START DATA FOR THE TASK
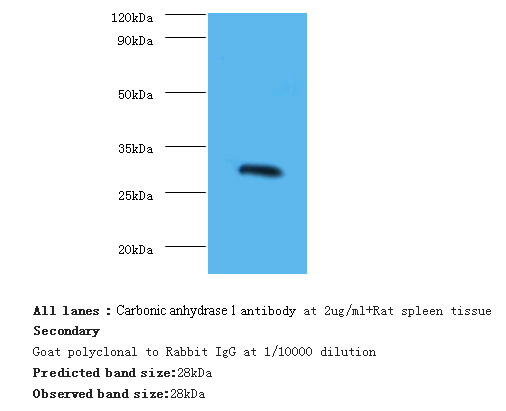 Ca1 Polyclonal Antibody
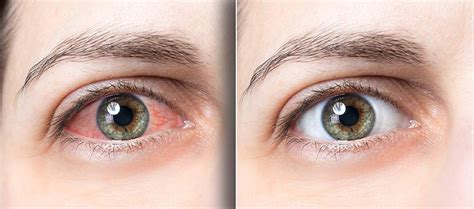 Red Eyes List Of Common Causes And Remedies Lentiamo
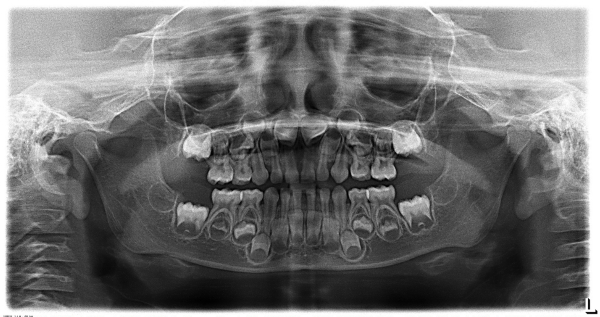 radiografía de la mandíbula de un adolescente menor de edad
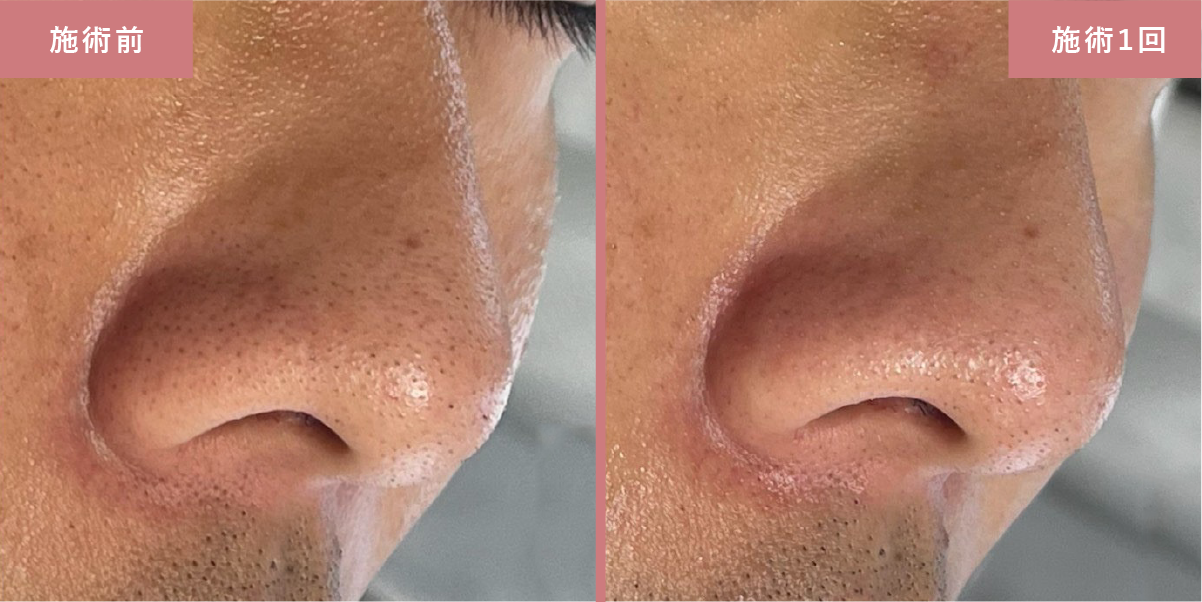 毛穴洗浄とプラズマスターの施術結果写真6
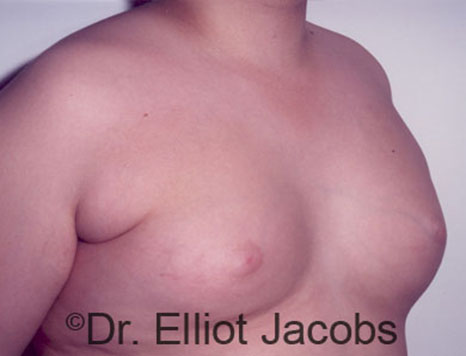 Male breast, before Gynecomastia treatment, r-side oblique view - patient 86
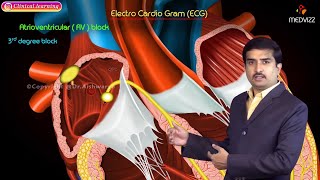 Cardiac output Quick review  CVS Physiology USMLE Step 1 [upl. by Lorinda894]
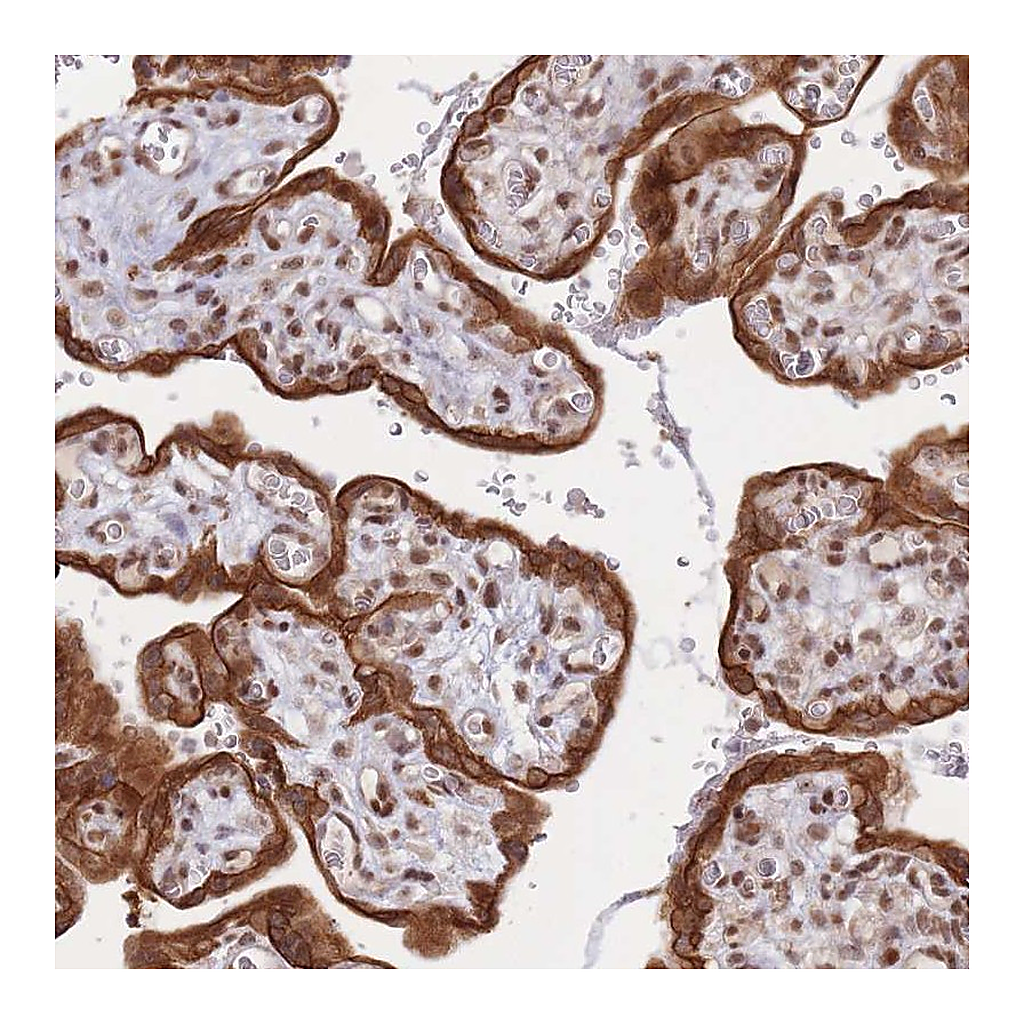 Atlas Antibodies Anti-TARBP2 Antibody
END DATA FOR THE TASK
START DATA FOR THE TASK
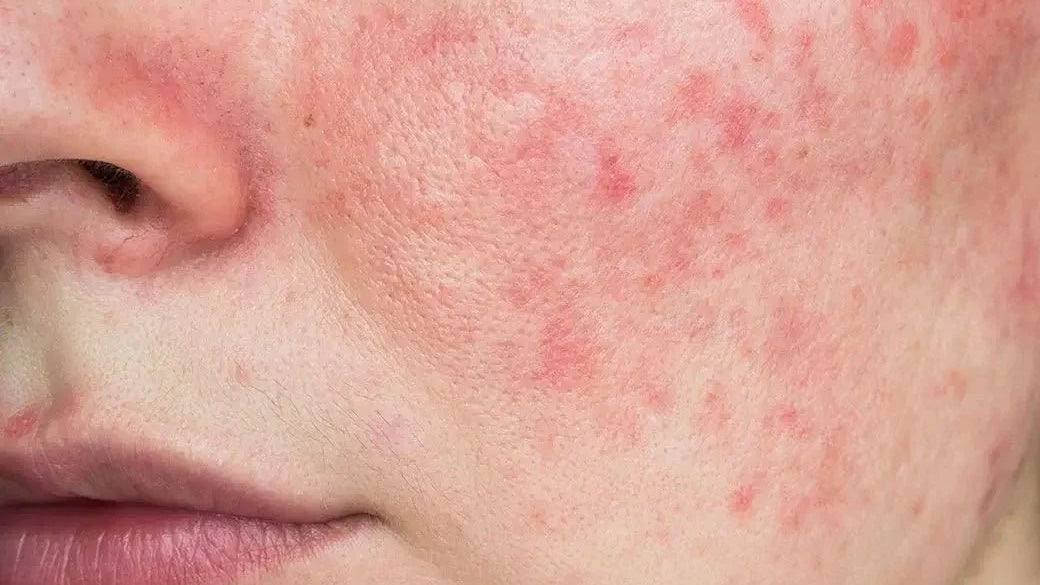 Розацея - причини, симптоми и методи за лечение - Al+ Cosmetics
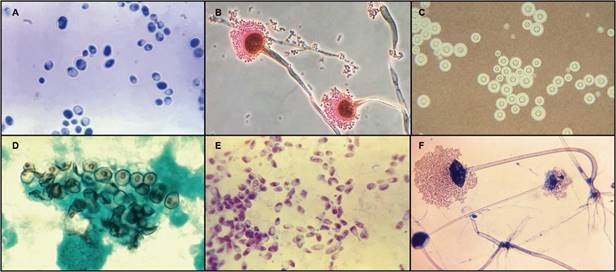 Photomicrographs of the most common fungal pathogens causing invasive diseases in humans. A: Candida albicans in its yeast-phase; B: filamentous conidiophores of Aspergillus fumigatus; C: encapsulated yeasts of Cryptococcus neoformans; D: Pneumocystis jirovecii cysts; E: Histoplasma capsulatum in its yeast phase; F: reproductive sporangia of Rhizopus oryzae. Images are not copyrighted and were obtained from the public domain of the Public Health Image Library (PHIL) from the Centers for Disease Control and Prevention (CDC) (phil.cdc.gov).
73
END DATA FOR THE TASK
START DATA FOR THE TASK
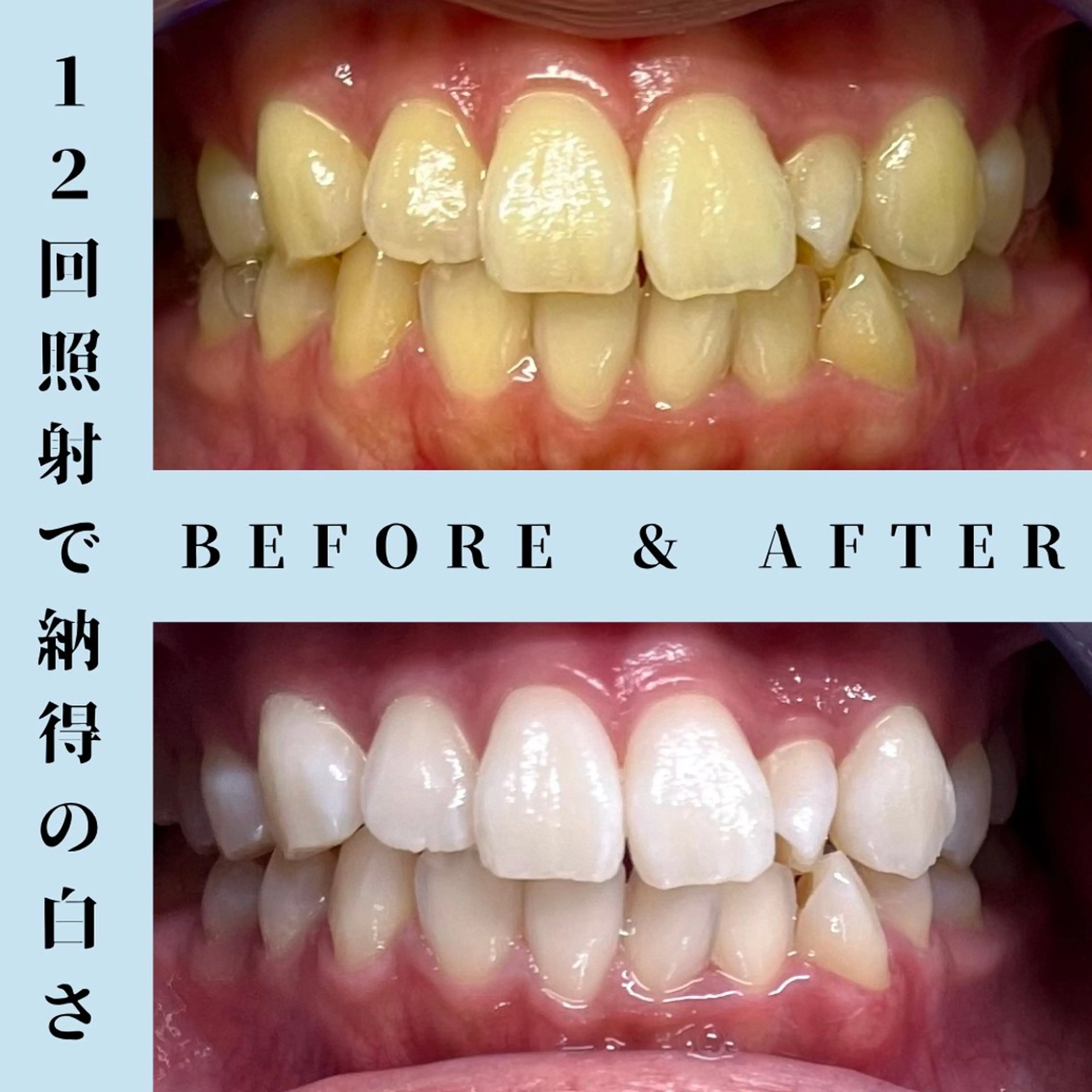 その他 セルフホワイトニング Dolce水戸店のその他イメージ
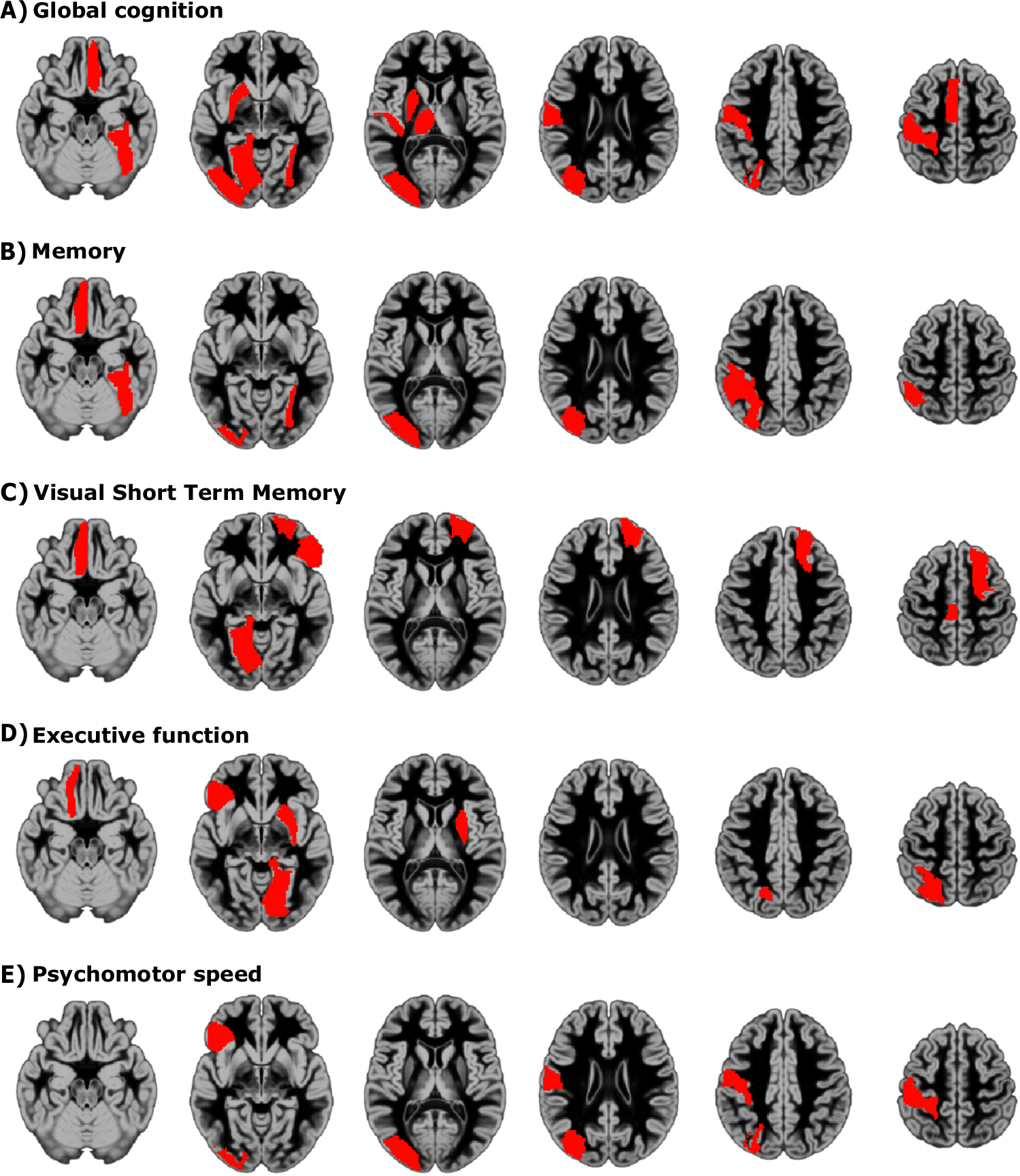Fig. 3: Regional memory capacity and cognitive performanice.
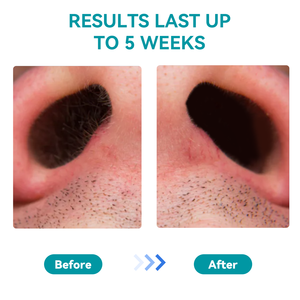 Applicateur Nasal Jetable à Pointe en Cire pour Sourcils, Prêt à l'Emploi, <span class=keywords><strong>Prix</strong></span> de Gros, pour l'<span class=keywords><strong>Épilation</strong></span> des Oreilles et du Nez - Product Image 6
END DATA FOR THE TASK
ACTIVITY> Your reply is to be an exact repeat of the listing above from the line holding "Cardiac output Quick" down to the line holding "Atlas Antibodies Anti-TARBP2 Antibody", ends included, pictures excluded.

RESULT OF THIS EXERCISE>
 Cardiac output Quick review  CVS Physiology USMLE Step 1 [upl. by Lorinda894]
 Atlas Antibodies Anti-TARBP2 Antibody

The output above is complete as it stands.